● **COLLECTED DATA**:
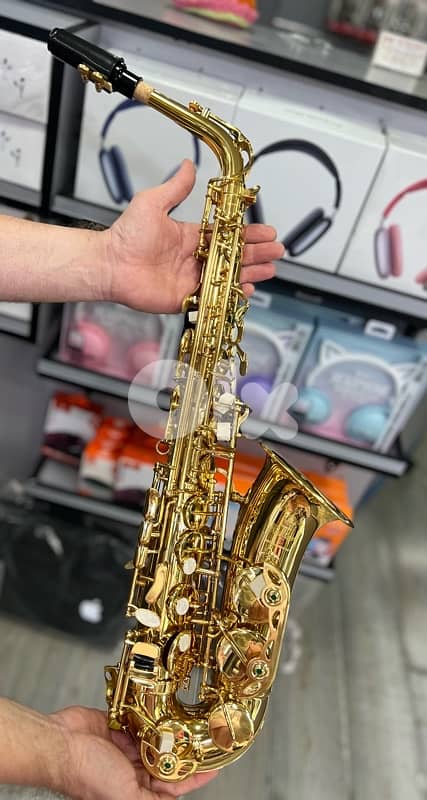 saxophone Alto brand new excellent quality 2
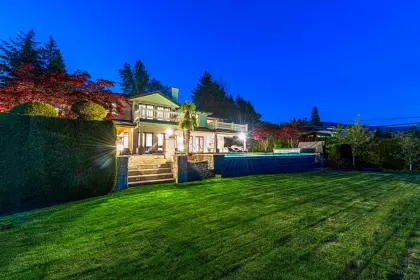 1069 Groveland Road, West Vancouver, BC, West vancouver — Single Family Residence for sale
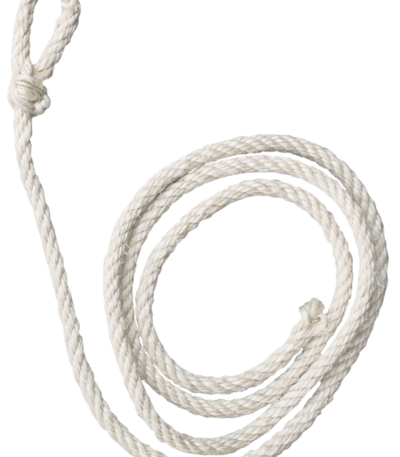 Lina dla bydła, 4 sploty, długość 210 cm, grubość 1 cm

● **PROBLEM DETAILS**: Apart from the pictures, all of the data should be repeated exactly.

● **TASK OUTPUT**:
 saxophone Alto brand new excellent quality 2
 1069 Groveland Road, West Vancouver, BC, West vancouver — Single Family Residence for sale
 Lina dla bydła, 4 sploty, długość 210 cm, grubość 1 cm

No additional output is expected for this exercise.